How to Build a Reliable Queue in Redis
The simplest Redis queue uses LPUSH to add jobs and RPOP to fetch them. This works until a worker crashes after popping a job but before finishing it. The job vanishes, lost forever. For background tasks that matter, you need a queue where jobs survive worker failures.
A reliable queue keeps jobs visible until a worker explicitly acknowledges completion. If a worker crashes, the job remains in a "processing" state where a recovery process can find it and return it to the queue. This pattern gives you at-least-once delivery without the complexity of Redis Streams.

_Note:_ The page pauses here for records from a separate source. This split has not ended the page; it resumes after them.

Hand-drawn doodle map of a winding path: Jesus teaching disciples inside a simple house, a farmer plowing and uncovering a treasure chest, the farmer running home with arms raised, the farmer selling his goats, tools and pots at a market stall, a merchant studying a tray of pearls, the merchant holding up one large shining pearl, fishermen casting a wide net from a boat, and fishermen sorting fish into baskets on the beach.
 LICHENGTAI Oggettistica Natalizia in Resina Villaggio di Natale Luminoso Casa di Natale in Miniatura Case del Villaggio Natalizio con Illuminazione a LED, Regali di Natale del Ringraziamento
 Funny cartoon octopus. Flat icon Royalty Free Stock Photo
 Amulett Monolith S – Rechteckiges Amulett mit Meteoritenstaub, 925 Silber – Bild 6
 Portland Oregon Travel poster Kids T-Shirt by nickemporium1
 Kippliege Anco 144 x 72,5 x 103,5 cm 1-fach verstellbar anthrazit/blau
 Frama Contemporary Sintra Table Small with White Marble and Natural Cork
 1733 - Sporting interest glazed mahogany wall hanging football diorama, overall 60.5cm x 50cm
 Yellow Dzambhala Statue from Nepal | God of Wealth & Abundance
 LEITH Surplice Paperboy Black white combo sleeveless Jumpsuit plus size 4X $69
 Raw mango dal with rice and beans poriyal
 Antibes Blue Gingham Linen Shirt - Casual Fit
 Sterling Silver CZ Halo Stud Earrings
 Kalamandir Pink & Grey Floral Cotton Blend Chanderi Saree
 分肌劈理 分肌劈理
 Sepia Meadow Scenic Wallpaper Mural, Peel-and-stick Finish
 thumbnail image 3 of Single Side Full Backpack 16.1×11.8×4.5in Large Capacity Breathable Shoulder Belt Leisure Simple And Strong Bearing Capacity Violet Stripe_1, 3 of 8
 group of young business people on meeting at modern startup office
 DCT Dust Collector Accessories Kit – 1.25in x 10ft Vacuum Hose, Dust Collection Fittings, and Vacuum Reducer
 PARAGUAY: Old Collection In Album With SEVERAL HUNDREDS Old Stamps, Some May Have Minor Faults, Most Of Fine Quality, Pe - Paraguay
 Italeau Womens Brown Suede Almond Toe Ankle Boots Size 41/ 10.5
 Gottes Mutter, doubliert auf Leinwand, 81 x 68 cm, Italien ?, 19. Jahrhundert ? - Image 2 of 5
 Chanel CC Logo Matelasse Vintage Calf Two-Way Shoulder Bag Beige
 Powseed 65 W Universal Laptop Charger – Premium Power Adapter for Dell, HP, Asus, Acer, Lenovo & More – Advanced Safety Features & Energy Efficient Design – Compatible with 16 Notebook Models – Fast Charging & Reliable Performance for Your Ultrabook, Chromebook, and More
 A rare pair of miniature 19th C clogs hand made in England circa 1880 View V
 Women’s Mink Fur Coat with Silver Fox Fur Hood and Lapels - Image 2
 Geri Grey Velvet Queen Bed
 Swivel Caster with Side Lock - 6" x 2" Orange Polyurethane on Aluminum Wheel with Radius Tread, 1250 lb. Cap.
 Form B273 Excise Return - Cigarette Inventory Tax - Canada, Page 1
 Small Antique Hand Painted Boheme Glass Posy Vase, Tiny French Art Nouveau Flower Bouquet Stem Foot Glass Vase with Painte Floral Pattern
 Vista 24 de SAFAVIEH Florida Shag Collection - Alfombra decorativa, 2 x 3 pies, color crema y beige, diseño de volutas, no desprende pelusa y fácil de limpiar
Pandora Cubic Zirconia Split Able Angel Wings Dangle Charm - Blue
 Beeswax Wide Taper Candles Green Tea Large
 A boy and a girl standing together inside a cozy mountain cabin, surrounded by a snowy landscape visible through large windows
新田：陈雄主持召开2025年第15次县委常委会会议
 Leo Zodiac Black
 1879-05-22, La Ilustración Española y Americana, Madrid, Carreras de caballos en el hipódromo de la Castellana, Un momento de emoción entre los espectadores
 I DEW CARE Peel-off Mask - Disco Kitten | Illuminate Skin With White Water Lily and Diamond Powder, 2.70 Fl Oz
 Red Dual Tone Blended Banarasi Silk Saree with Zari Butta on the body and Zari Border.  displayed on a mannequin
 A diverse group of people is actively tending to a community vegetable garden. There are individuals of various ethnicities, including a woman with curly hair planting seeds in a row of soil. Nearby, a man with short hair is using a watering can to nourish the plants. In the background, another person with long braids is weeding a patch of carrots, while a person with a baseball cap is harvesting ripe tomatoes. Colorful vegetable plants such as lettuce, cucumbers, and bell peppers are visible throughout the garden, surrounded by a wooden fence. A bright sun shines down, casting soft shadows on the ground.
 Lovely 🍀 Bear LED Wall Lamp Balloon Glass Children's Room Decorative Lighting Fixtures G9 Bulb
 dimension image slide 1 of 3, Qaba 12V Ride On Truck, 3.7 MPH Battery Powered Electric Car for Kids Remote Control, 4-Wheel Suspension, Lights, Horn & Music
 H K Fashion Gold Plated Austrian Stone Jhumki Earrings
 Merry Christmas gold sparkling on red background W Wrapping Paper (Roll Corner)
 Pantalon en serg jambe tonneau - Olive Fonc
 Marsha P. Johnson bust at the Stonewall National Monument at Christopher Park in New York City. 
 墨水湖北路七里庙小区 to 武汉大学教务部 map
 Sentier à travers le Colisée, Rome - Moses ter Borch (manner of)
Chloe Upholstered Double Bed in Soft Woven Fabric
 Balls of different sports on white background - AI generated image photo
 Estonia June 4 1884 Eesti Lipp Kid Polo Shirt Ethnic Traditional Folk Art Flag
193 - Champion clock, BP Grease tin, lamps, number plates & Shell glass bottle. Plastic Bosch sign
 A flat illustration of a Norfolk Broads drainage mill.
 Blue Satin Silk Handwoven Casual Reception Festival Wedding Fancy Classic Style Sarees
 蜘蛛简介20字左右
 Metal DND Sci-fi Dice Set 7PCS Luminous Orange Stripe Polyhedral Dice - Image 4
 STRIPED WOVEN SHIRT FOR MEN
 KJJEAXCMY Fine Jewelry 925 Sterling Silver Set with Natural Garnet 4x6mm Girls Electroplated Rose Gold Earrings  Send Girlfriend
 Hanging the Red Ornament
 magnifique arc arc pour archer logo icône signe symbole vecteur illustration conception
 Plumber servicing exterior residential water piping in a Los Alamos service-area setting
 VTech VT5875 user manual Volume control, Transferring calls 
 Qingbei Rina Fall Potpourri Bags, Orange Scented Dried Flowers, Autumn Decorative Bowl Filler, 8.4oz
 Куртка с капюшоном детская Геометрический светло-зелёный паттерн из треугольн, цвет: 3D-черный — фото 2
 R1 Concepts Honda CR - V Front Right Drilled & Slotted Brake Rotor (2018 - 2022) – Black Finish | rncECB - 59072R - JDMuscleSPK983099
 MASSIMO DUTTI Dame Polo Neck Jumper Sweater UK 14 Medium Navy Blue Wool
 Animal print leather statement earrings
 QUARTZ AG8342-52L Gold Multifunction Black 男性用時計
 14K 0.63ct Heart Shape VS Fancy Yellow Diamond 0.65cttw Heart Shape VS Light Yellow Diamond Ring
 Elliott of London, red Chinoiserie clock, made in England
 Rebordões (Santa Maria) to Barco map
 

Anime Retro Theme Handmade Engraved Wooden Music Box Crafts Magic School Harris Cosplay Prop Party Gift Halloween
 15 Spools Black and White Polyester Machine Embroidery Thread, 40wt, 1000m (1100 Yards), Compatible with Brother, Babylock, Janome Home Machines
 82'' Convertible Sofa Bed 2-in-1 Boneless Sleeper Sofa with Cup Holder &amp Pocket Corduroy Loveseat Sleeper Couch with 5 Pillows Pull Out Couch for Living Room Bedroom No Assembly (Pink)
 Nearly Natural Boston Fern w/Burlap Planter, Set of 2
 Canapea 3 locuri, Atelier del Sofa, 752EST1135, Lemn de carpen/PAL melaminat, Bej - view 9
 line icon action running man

Which Redis data types we will use
List is used in two ways in this implementation:
- As the pending queue where new jobs wait to be processed. Producers push jobs with
LPUSH, and workers claim them from the other end. - As the processing list where jobs live while being worked on. The
LMOVEcommand atomically transfers a job from pending to processing in one step.
Hash stores metadata for each job, including the timestamp when processing started, which worker claimed it, how many times it has been attempted, and any error messages from failed attempts. This metadata enables retry logic and helps identify stuck jobs.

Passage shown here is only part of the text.